=== THE INPUT ===
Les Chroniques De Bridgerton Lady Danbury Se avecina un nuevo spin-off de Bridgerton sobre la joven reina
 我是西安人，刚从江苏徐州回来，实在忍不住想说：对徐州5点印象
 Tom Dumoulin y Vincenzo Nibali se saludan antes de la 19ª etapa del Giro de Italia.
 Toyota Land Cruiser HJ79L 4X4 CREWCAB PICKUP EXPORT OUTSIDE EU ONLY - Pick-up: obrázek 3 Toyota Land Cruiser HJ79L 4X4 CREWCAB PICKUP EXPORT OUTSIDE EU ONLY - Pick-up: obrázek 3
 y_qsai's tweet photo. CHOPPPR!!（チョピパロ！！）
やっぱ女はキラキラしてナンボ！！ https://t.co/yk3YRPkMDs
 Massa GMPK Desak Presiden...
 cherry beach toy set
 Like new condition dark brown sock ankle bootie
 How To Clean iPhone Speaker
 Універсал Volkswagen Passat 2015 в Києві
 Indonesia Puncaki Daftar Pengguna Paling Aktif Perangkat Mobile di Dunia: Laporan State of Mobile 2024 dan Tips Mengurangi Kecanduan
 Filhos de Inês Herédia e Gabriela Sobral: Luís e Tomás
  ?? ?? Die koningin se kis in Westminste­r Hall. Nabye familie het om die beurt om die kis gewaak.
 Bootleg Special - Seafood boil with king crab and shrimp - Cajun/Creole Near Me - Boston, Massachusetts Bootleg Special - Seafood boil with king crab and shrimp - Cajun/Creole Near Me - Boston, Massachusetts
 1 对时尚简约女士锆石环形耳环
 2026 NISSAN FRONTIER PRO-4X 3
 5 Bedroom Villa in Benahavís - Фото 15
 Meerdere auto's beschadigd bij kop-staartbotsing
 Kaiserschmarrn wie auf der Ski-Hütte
===
* _INSTRUCTIONS FOR THE TASK_: What is wanted is every line above, written out exactly.

* _ANSWER TO THIS PROBLEM_:
Les Chroniques De Bridgerton Lady Danbury Se avecina un nuevo spin-off de Bridgerton sobre la joven reina
 我是西安人，刚从江苏徐州回来，实在忍不住想说：对徐州5点印象
 Tom Dumoulin y Vincenzo Nibali se saludan antes de la 19ª etapa del Giro de Italia.
 Toyota Land Cruiser HJ79L 4X4 CREWCAB PICKUP EXPORT OUTSIDE EU ONLY - Pick-up: obrázek 3 Toyota Land Cruiser HJ79L 4X4 CREWCAB PICKUP EXPORT OUTSIDE EU ONLY - Pick-up: obrázek 3
 y_qsai's tweet photo. CHOPPPR!!（チョピパロ！！）
やっぱ女はキラキラしてナンボ！！ https://t.co/yk3YRPkMDs
 Massa GMPK Desak Presiden...
 cherry beach toy set
 Like new condition dark brown sock ankle bootie
 How To Clean iPhone Speaker
 Універсал Volkswagen Passat 2015 в Києві
 Indonesia Puncaki Daftar Pengguna Paling Aktif Perangkat Mobile di Dunia: Laporan State of Mobile 2024 dan Tips Mengurangi Kecanduan
 Filhos de Inês Herédia e Gabriela Sobral: Luís e Tomás
  ?? ?? Die koningin se kis in Westminste­r Hall. Nabye familie het om die beurt om die kis gewaak.
 Bootleg Special - Seafood boil with king crab and shrimp - Cajun/Creole Near Me - Boston, Massachusetts Bootleg Special - Seafood boil with king crab and shrimp - Cajun/Creole Near Me - Boston, Massachusetts
 1 对时尚简约女士锆石环形耳环
 2026 NISSAN FRONTIER PRO-4X 3
 5 Bedroom Villa in Benahavís - Фото 15
 Meerdere auto's beschadigd bij kop-staartbotsing
 Kaiserschmarrn wie auf der Ski-Hütte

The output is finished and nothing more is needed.